Joseph Lewis was looking mighty happy for a guy who was about to spend the next three or four hours walking around in the rain.
The Penn Hills neighborhood team leader for the Obama for America campaign was in East Liberty on Oct. 6 canvassing neighborhoods, talking to potential voters and making sure they were registered to vote. He wasn't involved in the campaign four years ago when Barack Obama was delivered to the White House on the shoulders of an energized base of grassroots volunteers — many mobilized by the ideas of hope and change.
Lewis still buys into the concepts of hope and change, but he's also a little pissed off.
"I don't like the way Republicans have tried to block this president," Lewis said as he buttoned up his jacket. "The Republicans' only agenda has been to stop this president.

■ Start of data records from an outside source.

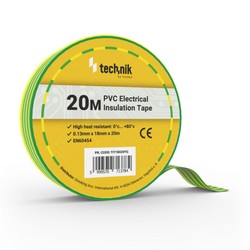 Nastro isolante 18 mm × 20 m, colore giallo-verde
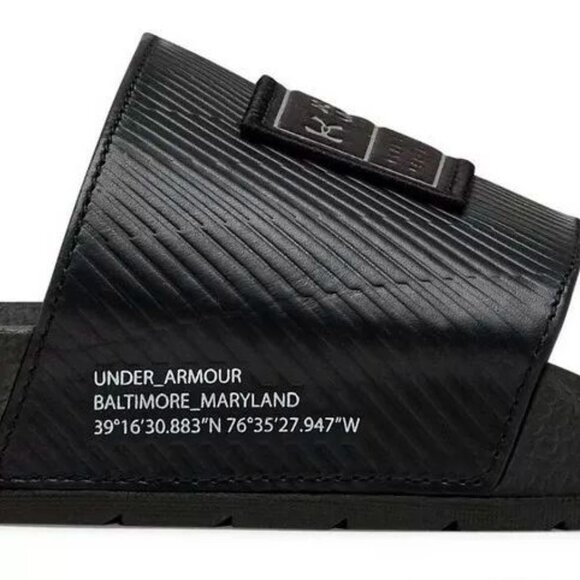 Under Armour UA Core Remix Leather Unisex Slides 3022058-001 Black Size 10 NWT main image 7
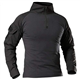 Men's Military Tactical Long Sleeve Shirt Breathable Hunting Combat T Shirts Quick Dry Outdoor Tops 1/4 Front Zip Camouflage Airsoft Shirts Black L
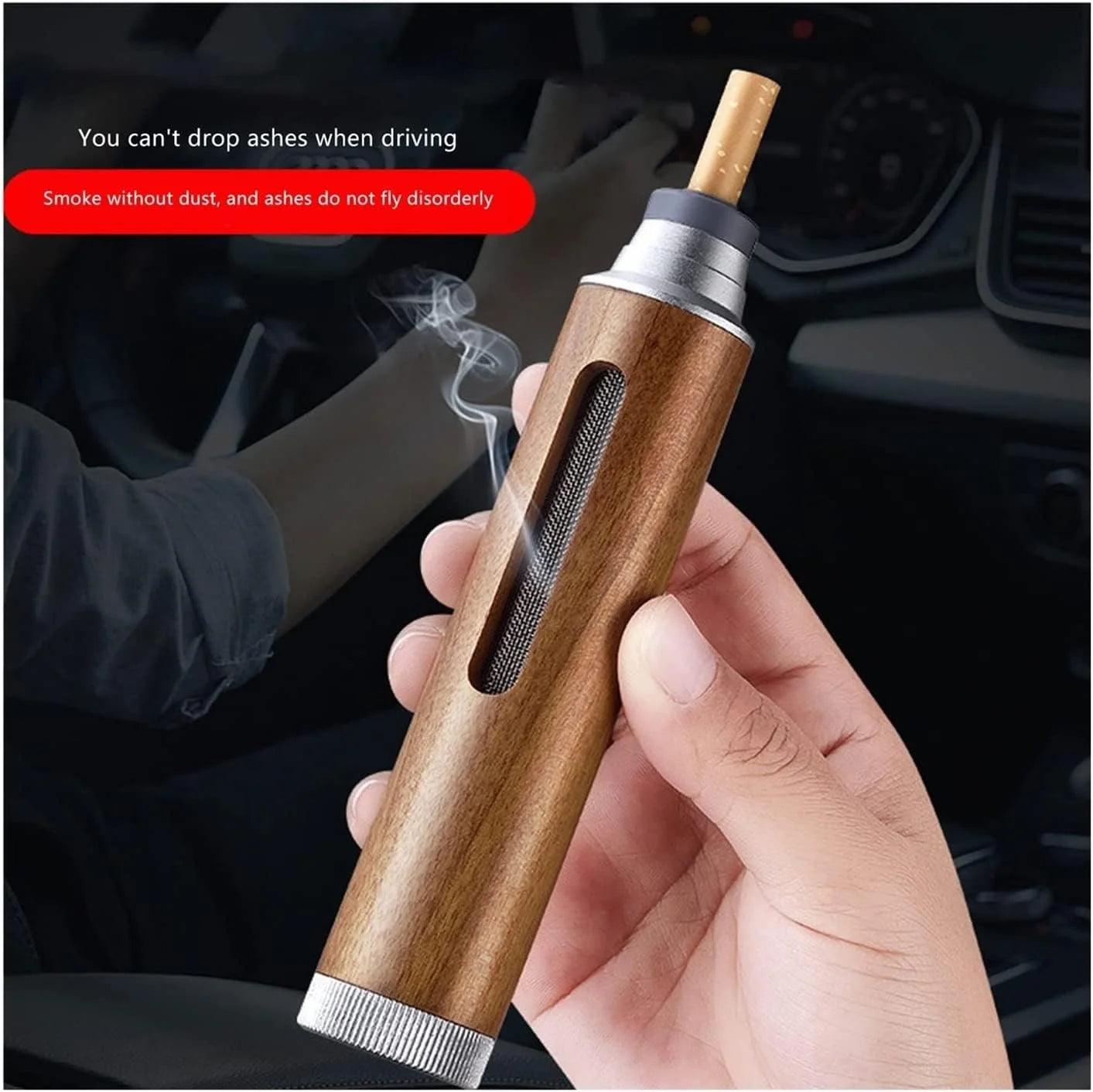 Wooden portable mini car ashtray held in a hand with text about driving and smoking.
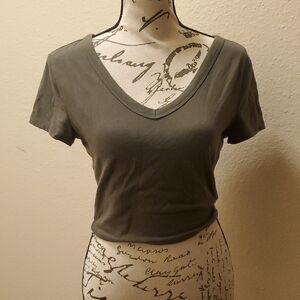 Wild Fable Olive Green V-Neck Tee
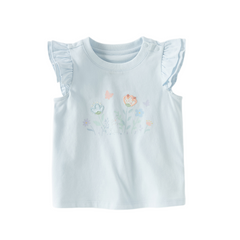 Dave&Bella Summer Toddler Girls Flutter Sleeve Breathable Cotton Comfortable T-shirts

"It's unpatriotic and I became infuriated at what I was seeing. That's why I'm here today."
He's not alone. They may be out here for different reasons but the several dozen volunteers that packed into the South Highland Avenue Obama campaign office on this cold, rainy morning have one objective — to get the president re-elected.

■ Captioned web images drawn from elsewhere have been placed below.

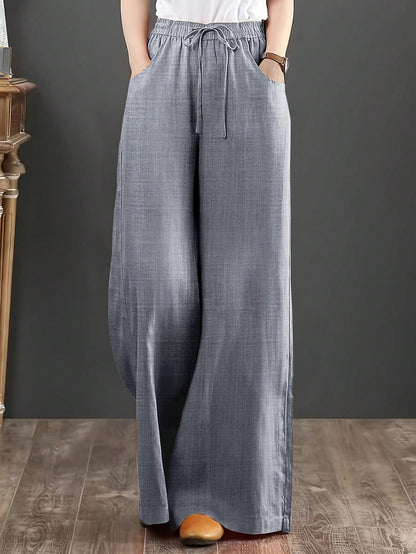 Loose Fit Women's Denim Effect Color Wide Leg Pants, Casual Long Pants With Drawstring Pockets, Creating Comfortable Everyday Look
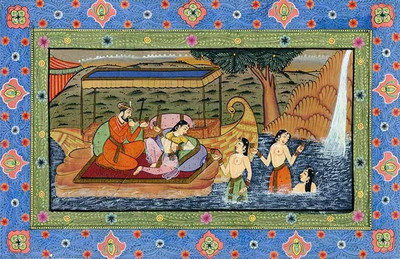 56% OFF on King with Queen & Dasiyan Mughal Miniature Fine Art Print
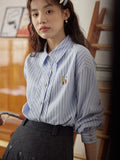 Women Classic Chic Vintage Striped Embroidered Shirt
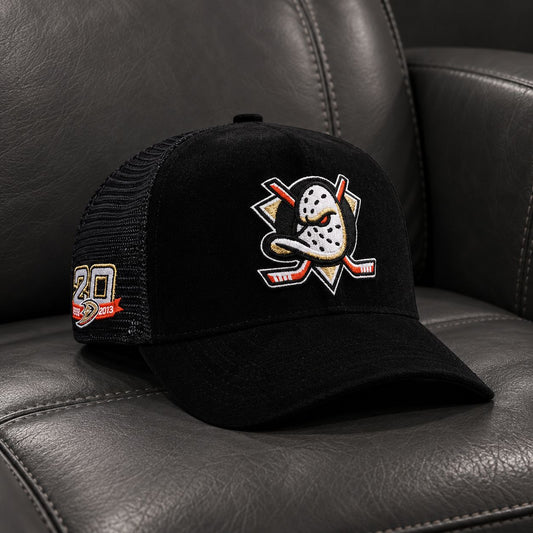 Anaheim Ducks 20th Anniversary Velvet Trucker Edition 9FORTY A-Frame Snapback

Much was made of the importance of Obama's ground game in 2008, when he ran a wide grassroots campaign of energized volunteers, a strong voter-registration drive, a well-built social-media strategy and a significant influx of contributions (many in small amounts from individuals). But this time around, Obama can no longer play the role of the political outsider bringing hope to Washington.
He's the incumbent now. He has four years of policies — both successes and failures — to defend. From the killing of Osama bin Laden and the passage of the Affordable Care Act to the federal stimulus plan and his failure to close terrorist prisons at Guantanamo Bay, this is a different Barack Obama.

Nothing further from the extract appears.